John Snow, Asiatic Cholera and the inductive-deductive method - republished
Lecture 6: Point source outbreaks
Last week, we discussed disseminated source outbreaks. In today’s post, we will discuss point source outbreaks. In a later post, we will learn about the important link between exposure and outcome.
The Snow series is an educational course. We hope you will recognise our efforts by donating to TTE or becoming a paying subscriber, as writing the series took a lot of time and effort.
Snow realised that river contamination could not explain some outbreaks, which seemed to be very localised and clustered, so he added what we now call a point source outbreak to his theory.
Snow’s theory is described on the following page. Towards the end of page 56 of On the Mode of Communication of Cholera 2nd edition (MCC 2), he points out that river-borne poison is far more widely distributed (“extended”) than that from a point source outbreak, i.e. originating from a single point such as a well or a pump.
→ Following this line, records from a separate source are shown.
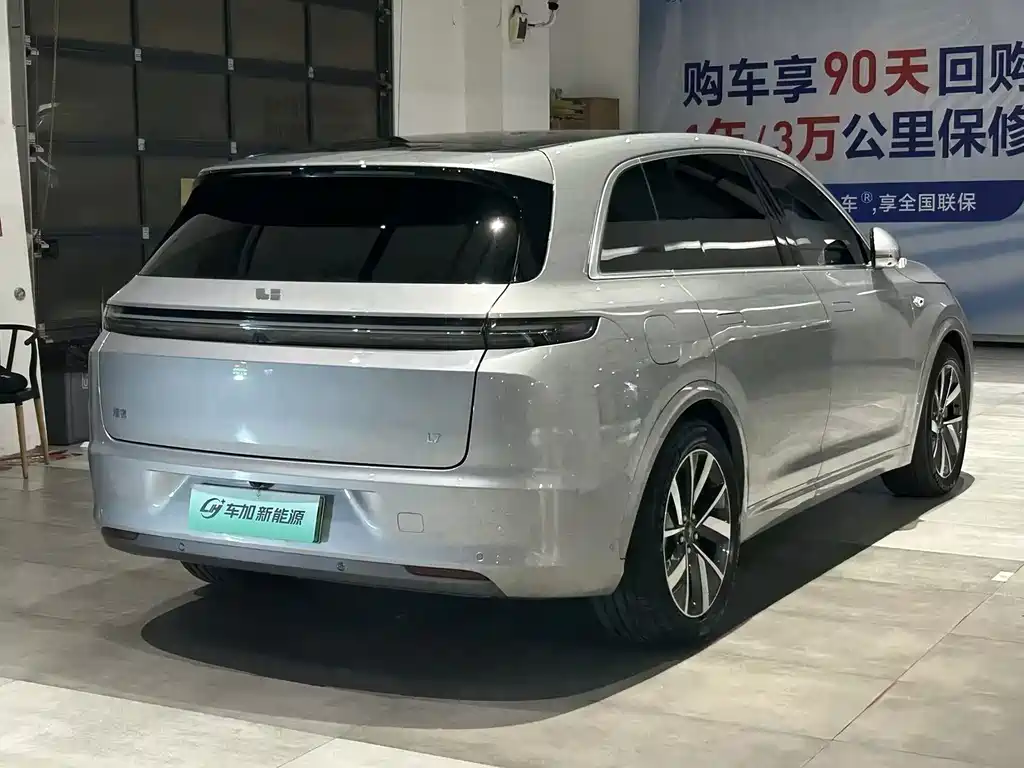 Li Auto Li L7 — миниатюра 9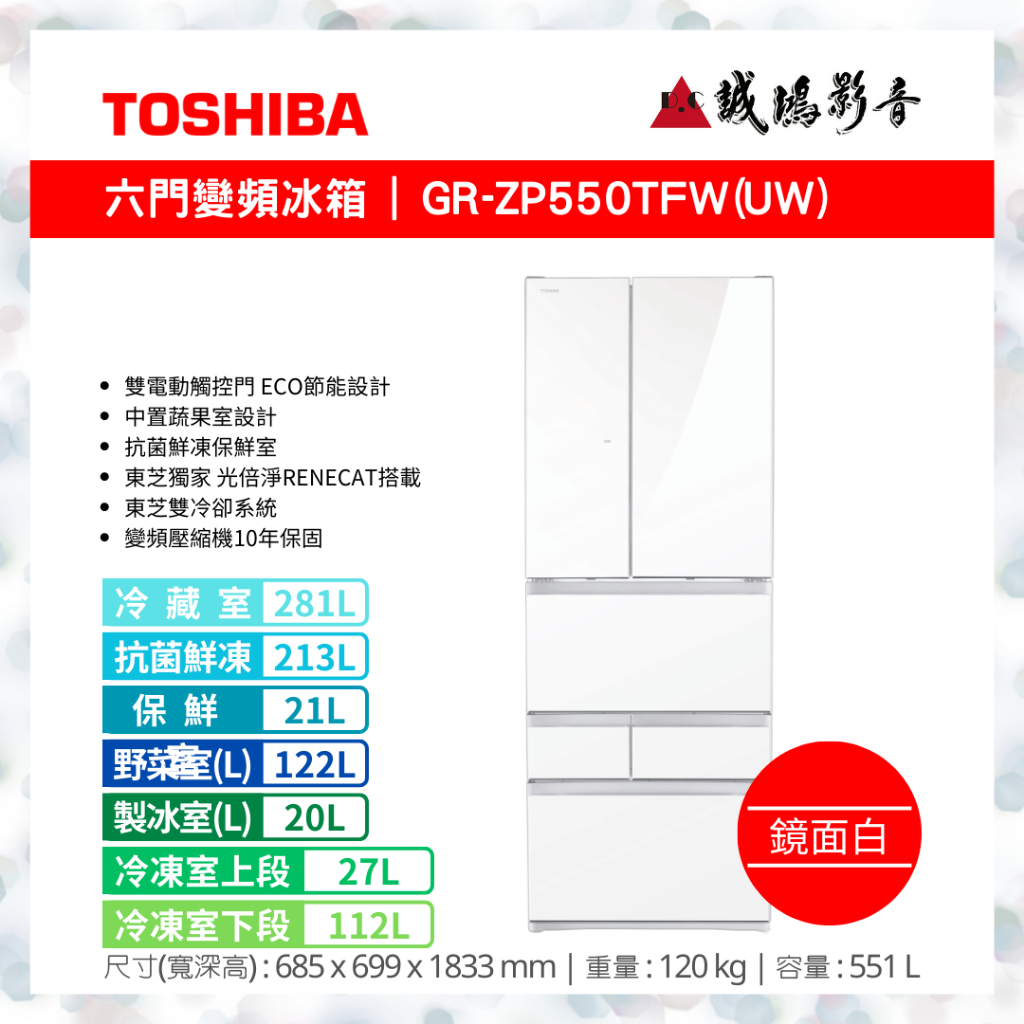 &lt; 聊聊有優惠 &gt; TOSHIBA 東芝 551L 鏡面白ZP系列  GR-ZP550TFW(UW)~歡迎議價!!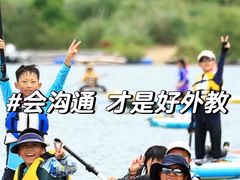 -上海民办包玉刚实验学校(小学部)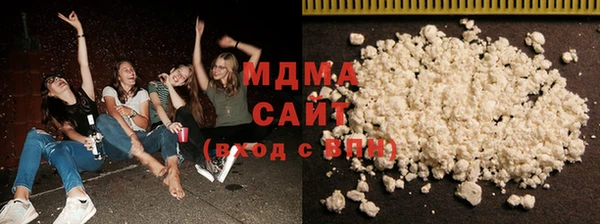 MDMA Алексин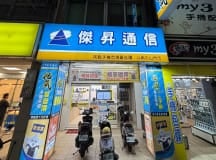 斗南中山店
Whatever the means of transmission, however, Snow repeatedly pointed out the close connection between dirty water (which often gives off an offensive smell if left to settle in a container) and cholera cases.
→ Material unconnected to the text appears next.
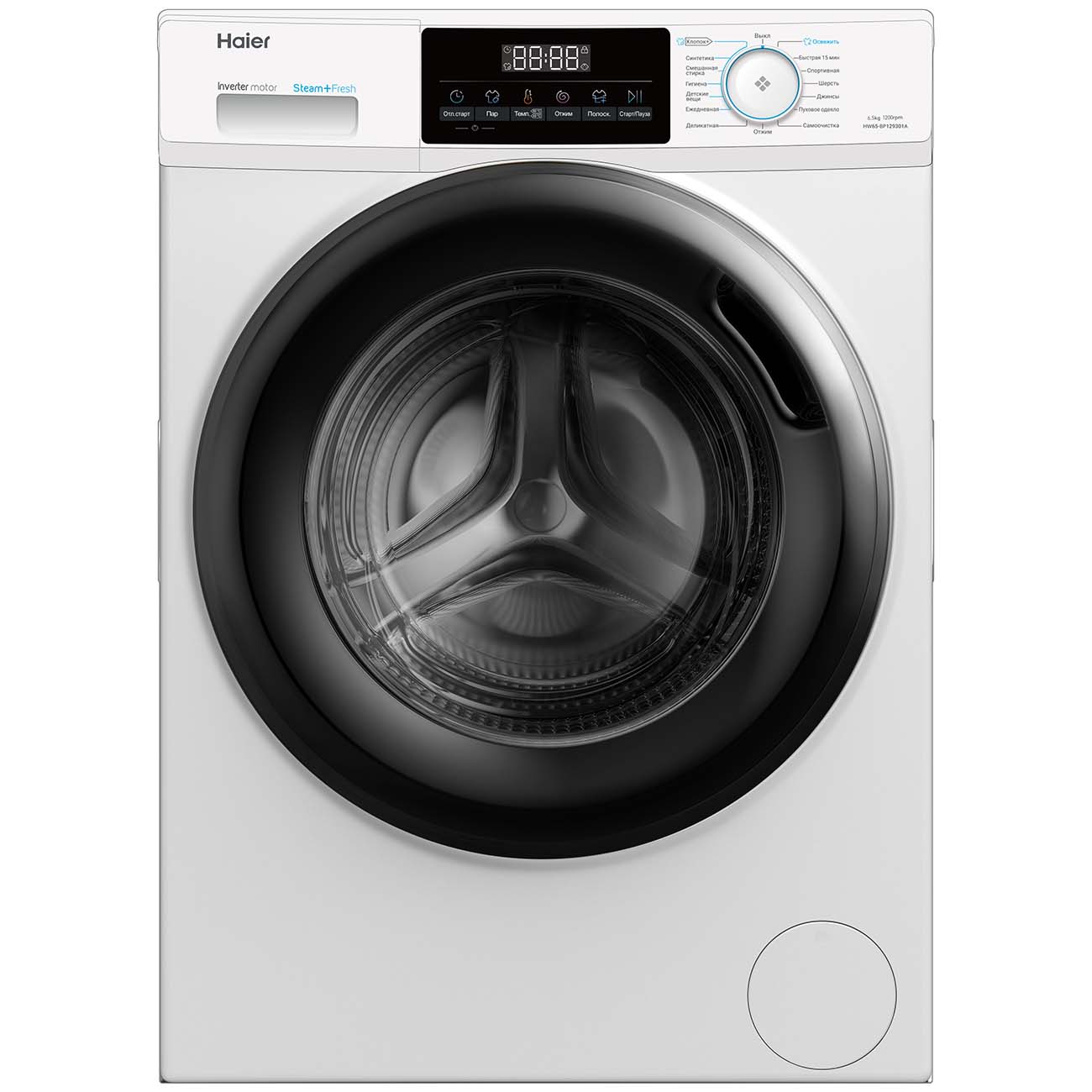 Купить Стиральная машина узкая Haier HW65-BP129301A в каталоге интернет  магазина М.Видео по выгодной цене с доставкой, отзывы, фотографии - Москва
However, other than collecting information from around the country and the world, how could he test his hypotheses?
Snow kept going despite scepticism and criticism from the establishment. Paneth et al. point out that Snow refined his hypothesis, focused it, and tested it between publishing MCC's first and second versions.
CONTEMPORARY THEMES
In the chaos of mass testing, media noise, politicking and fear induced by ignorance, superstition and vested interests, few scientists considered describing and analysing the mode of spread of SARS-CoV-2. Was it a propagated source epidemic, point source, or both? We doubt the data are good enough to allow any credible retrospective analysis. However, we offer you this original daily overview of the Feb to 24 March 2020 progression of SARS-CoV-2 cases (or at least of those who “tested positive”) in the whole region of Lombardy.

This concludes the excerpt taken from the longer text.